My data is only experiential and consists of exactly what you say. The well trained NPs are well trained, but most are not.
Add to this the best NPs I've seen who are very good know their limits and know when to throw in the towel and say an MD is needed, and when this happens they gladly do so. "Thank God" is often times their reply. E.g. Clozapine patient, patient who is frequently severe and dangerous, etc.
 
Unfortunately, psychiatrist have already failed the "real doctor" test according to many of our patients. I'm not optimistic that there is an easy way to change this perception in the general population. Like all fields of medicine, we have awesome role models and some psychiatrist that embarrass us. Such is life.
 
Unfortunately, psychiatrist have already failed the "real doctor" test according to many of our patients. I'm not optimistic that there is an easy way to change this perception in the general population. Like all fields of medicine, we have awesome role models and some psychiatrist that embarrass us. Such is life.
Like, how? I never encounter this. I'm sure someone can find a grandparent who doesn't think psychiatry is real but I almost wish my patients thought less of me then they do and had lower expectations.
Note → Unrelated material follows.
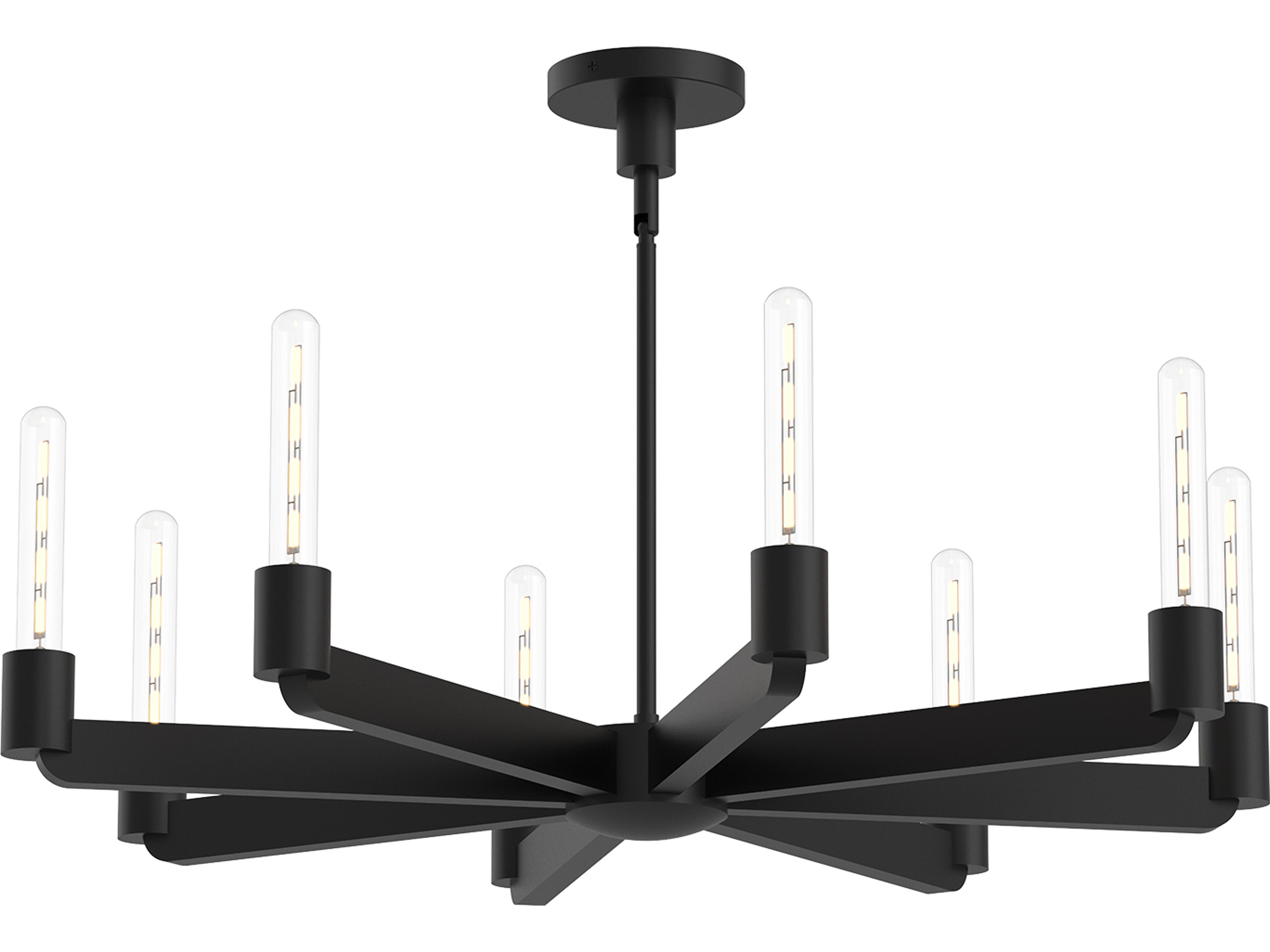 Alora Mood Claire 8-Light Matte Black Chandelier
But they all call me doctor and I can't think of a single encounter that has suggested the patient think I'm not a real doctor.
 
Like, how? I never encounter this. I'm sure someone can find a grandparent who doesn't think psychiatry is real but I almost wish my patients thought less of me then they do and had lower expectations. But they all call me doctor and I can't think of a single encounter that has suggested the patient think I'm not a real doctor.
"My old psychiatrist was awful! They wouldn't prescribe me the meds that work and kept switching my meds to ones that just made things worse and wouldn't listen to me! Now I see an NP and they're great. They actually listen and give me the meds I NEED!" *Insert further rambling about the psychiatrist doing therapy and patient saying I just talked the whole time and they would make a comment or ask questions here and there.*
 
"My old psychiatrist was awful! They wouldn't prescribe me the meds that work and kept switching my meds to ones that just made things worse and wouldn't listen to me! Now I see an NP and they're great. They actually listen and give me the meds I NEED!" *Insert further rambling about the psychiatrist doing therapy and patient saying I just talked the whole time and they would make a comment or ask questions here and there.*
But what does that have to do with being a real doctor or not?
 
"My old psychiatrist was awful! They wouldn't prescribe me the meds that work and kept switching my meds to ones that just made things worse and wouldn't listen to me! Now I see an NP and they're great. They actually listen and give me the meds I NEED!" *Insert further rambling about the psychiatrist doing therapy and patient saying I just talked the whole time and they would make a comment or ask questions here and there.*
"What works for me is Adderall and Xanax. If you don't give me what I need, I'll Yelp you something fierce."
 
Have to kind of side with @SmallBird on this. I am obviously not a physician and I rarely get the “not a real doctor” thing. I don’t think I’ve run into a patient ever saying that about a psychiatrist. What I see more often are patients calling NPs doctors and what I actually see most often are patients mixing up psychologists and psychiatrists. I typically chastise them mercilessly when they do.
 
Nothing, but then they go on to talk about how real doctors help people and we clearly don’t. I’m surprised you’ve never encountered this before.
Not a big disagreement - I agree that there is all of that affect and entitlement but I've just not had it framed as a reflection of whether or not I'm a real doctor. Just more generic irritation.
 
Here's how to get very high marks.

Young male is depressed. I snap my fingers, and 3 nude supermodels come in and start dancing in front of him. I then press a button, put out a disco ball, the tune of I'm too Sexy plays and a supermodel presents him with a tray of cocaine and Heroin.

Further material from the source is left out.